Erik Christensen

No. 72, 61
- Position: Defensive end

Personal information
- Born: October 31, 1931 Elizabeth, New Jersey, U.S.
- Died: March 18, 2022 (aged 90) Newark, Delaware, U.S.
- Listed height: 6 ft 3 in (1.91 m)
- Listed weight: 235 lb (107 kg)

Career information
- High school: Woodbridge (NJ) Fork Union Military Academy (VA)
- College: Richmond
- NFL draft: 1955 (7th round, 76th overall pick)

Career history
- Washington Redskins (1956); Calgary Stampeders (1956-1957);

Career NFL statistics
- Games played: 2
- Stats at Pro Football Reference

= Erik Christensen (American football) =

American football player (1931–2022)

Erik Robert Christensen Jr. (October 31, 1931 – March 18, 2022) was an American professional football defensive end who played professionally for the National Football League (NFL) for the Washington Redskins.
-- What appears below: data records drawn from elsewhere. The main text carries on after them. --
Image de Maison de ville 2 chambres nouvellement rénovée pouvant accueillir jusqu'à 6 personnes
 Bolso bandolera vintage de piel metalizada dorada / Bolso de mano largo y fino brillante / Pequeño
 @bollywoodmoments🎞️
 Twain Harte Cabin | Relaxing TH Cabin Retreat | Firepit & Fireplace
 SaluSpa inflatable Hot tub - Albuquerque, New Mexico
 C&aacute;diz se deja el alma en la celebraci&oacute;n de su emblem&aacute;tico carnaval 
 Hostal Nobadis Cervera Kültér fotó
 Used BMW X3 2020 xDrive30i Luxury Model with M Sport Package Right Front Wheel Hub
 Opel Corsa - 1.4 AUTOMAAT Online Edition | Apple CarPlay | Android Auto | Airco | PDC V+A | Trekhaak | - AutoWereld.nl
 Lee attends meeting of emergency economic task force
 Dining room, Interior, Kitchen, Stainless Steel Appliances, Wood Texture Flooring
He played college football at the University of Richmond and was selected 76th overall in the seventh round of the 1955 NFL draft.

Christensen played high school football at Woodbridge High School in Woodbridge Township, New Jersey, before transferring to Fork Union Military Academy.

Christensen died on March 18, 2022, at the age of 90.